Te comento esto, querido Rafael, porque entre las recibidas me ha conmovido una felicitación bermellona del banco Santander, amablemente dedicada por don Emilio Botín. ¿Sabía él que el próximo jueves 17 debo acercarme a la sucursal del barrio para entregar las llaves de la casa que ya no puedo pagar? ¿Es un rasgo de humanidad, espontáneo o madurado, que trata de paliar mi angustia por estar obligado a seguir amortizando las mensualidades de la hipoteca generosamente concedida cuando yo estaba en paro? ¿Cabe la posibilidad de que me mandara la tarjeta de felicitación para reutilizarla como un salvoconducto en la sucursal y su director me admita la dación en pago que, si bien me dejaría igualmente en la calle, permitiese que mi inminente viaje a Düsseldorf fuera más sosegado y esperanzador?

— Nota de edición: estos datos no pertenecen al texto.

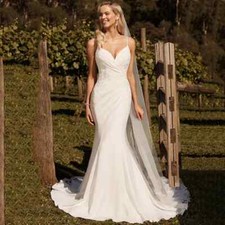 Sexy Mermaid Wedding Dresses V-Neck Spaghetti Straps Satin Applique Bridal Gowns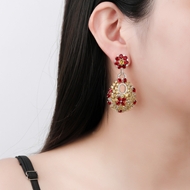 Picture of Low Cost Gold Plated Luxury Dangle Earrings with Low Cost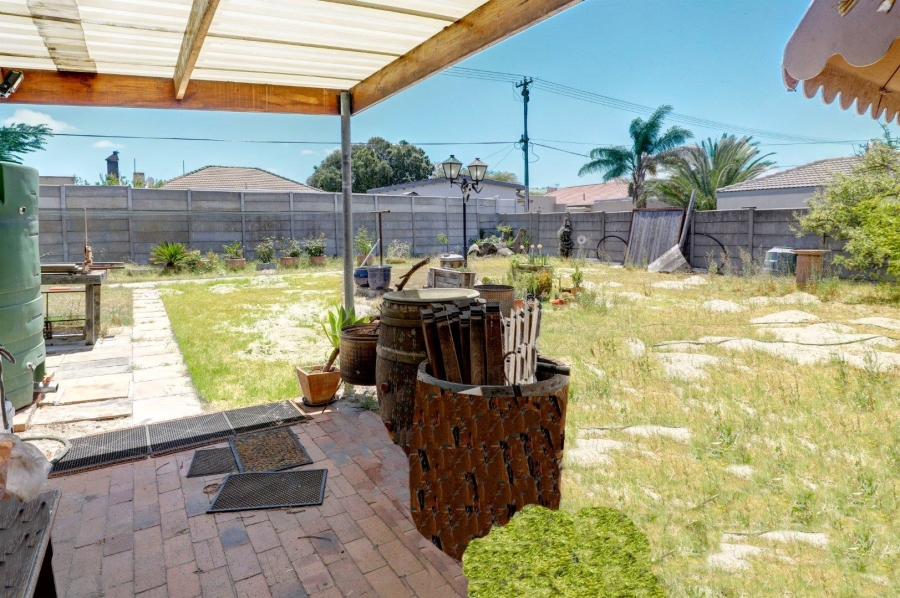 4 Bedroom Property for Sale in Labiance Estate Western Cape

En Düsseldorf me han ofrecido un puesto de camarero en el prestigioso Heinemann Konditorei. Sé que el trabajo nada tiene que ver con mi condición de topógrafo, pero aquí, ya sabes, hay poco que medir. Me pagarán 800, y me ceden un piso compartido con otros cuatro ilusionados compatriotas. Fraternizaré enseguida; conoces mi carácter.
Cuando lleguen las próximas navidades te alegraré con buenas noticias sobre mí. No esperes que te envíe un destartalado correo electrónico, tampoco un mensaje raquítico por el móvil. Te mandaré una felicitación como las de antes: papel grueso, motivos en relieve, sobre forrado, y buscaré un sello donde puedas ver el Rin.